Quartus Router Congestion

Altera_Forum · ‎01-12-2016

Hello all,

I have a Cyclone V A9 device (300k LEs) and a big design that fit it 95% ALM 12% Memory bits 37% DSP. 14% of ALM are unavailable due to LAB input limits and wide-signals conflicts so real used space is 81% of ALM.

Compilation fail due to

Warning (16618): Fitter routing phase terminated due to routing congestion. Congestion details can be found in Chip Planner.

Critical Warning (188026): The Fitter failed to successfully route the design. You may be able get this design to route by making design modifications, changing the fitter seed or by enabling the Fitter Aggressive Routability Optimizations logic option.

etc..

Attached a Chip Planner blank and with congestion map. Threshold is at 99%, why in black area (= no my logic) there is a congestion? What is in that area (circled yellow into images)?

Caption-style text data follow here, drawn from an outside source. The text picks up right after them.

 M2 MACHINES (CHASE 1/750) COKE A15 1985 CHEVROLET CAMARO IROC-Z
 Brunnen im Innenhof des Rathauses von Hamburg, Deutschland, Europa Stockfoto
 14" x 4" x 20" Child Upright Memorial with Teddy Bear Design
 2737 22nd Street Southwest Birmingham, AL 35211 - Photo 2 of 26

I am trying to change some settings and floorplanning design but every compilation take 1+ hour (I use .vqm file generated by another tool so analysis and synthesis is fast, i do just routing)

Image link: http://it.tinypic.com/r/2wecbdk/9

Thank you

Altera_Forum · ‎01-12-2016

I think that's the Hard PCIe block. Strange it shows up as routing congestion but not sure if I've looked at that or not. In the messages, where is the area of most congestion?

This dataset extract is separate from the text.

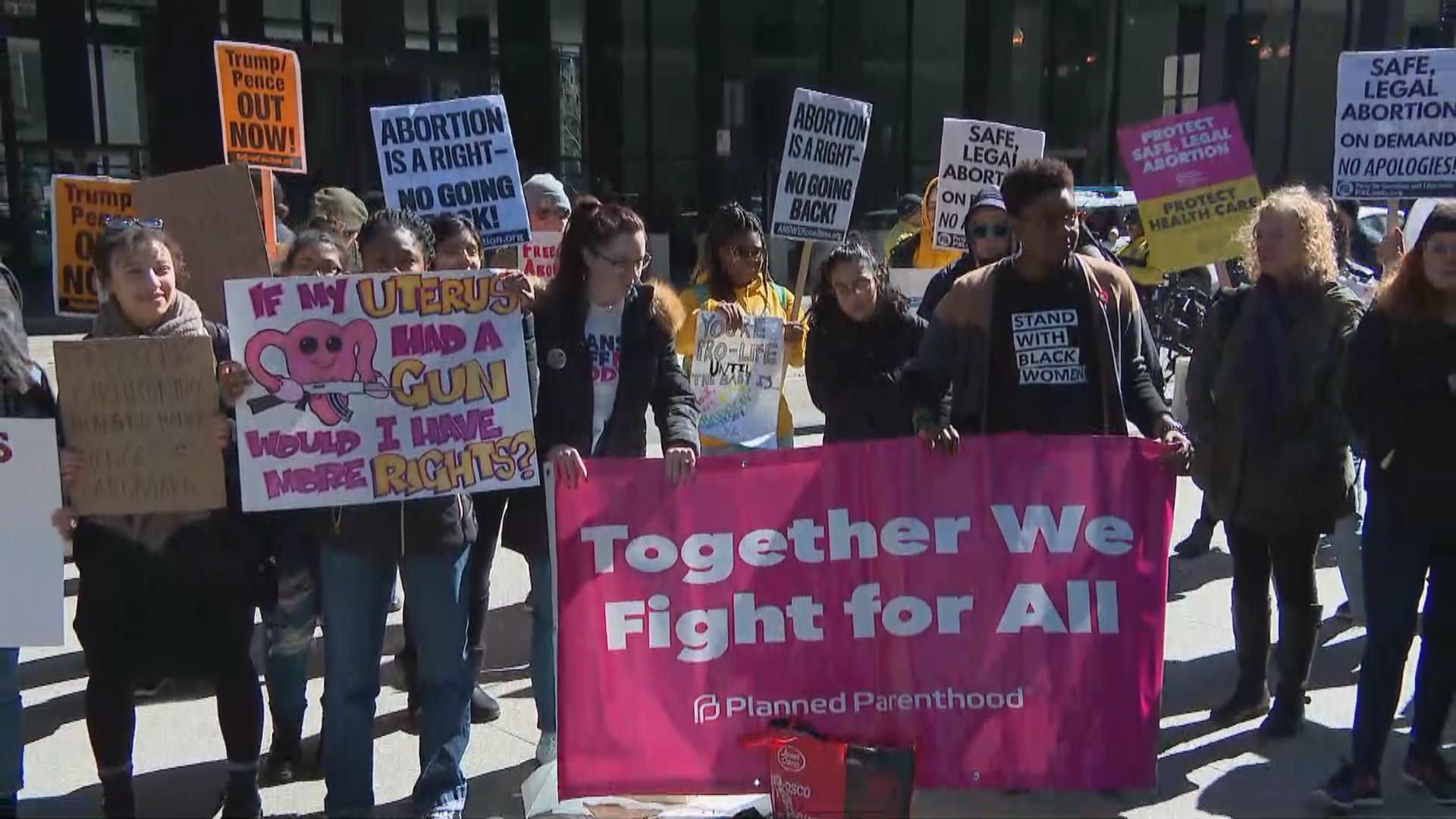 Abortion rights activists rally in Chicago on Wednesday, March 4, 2020. (WTTW News)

Besides Fitter Aggressive Routability, I would suggest turning up the Placement Effort to 8(More Fitter Settings) and create a quartus.ini with the following:

vpr_placement_effort_targets_all_edges = on

This will make your compile time go up, but basically makes the placer spend more timing making moves that make the design get better timing AND make it more routable(without the .ini it just does the former). This might work, but you may be too congested. To be honest, reducing the logic a bit is probably your best bet in that case. Unless there's something explicitly wrong with the floorplan the fitter chooses, manually floorplanning doesn't really help.

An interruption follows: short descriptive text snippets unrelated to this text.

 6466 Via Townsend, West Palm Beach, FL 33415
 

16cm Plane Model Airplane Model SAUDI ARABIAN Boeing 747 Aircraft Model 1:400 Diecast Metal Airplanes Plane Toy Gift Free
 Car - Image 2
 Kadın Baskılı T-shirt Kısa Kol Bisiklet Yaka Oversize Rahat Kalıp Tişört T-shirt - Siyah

I also find it strange that 14% of your ALMs are lost due to LAB input limits. I don't look at the number much but I believe it's because that line item is usually a really small percentage. That basically means your LABs have the maximum number of signals coming into them, which basically means they require the maximum amount of required routing to get to them, i.e. not only are you using a lot of resources, your design is naturally tough to route. (This is one of those things that doesn't jump out of the raw numbers. You could build a shift register that uses 100% of the ALMs and Quartus would have no problem routing it, but a cross-bar mux would be significantly more difficult.)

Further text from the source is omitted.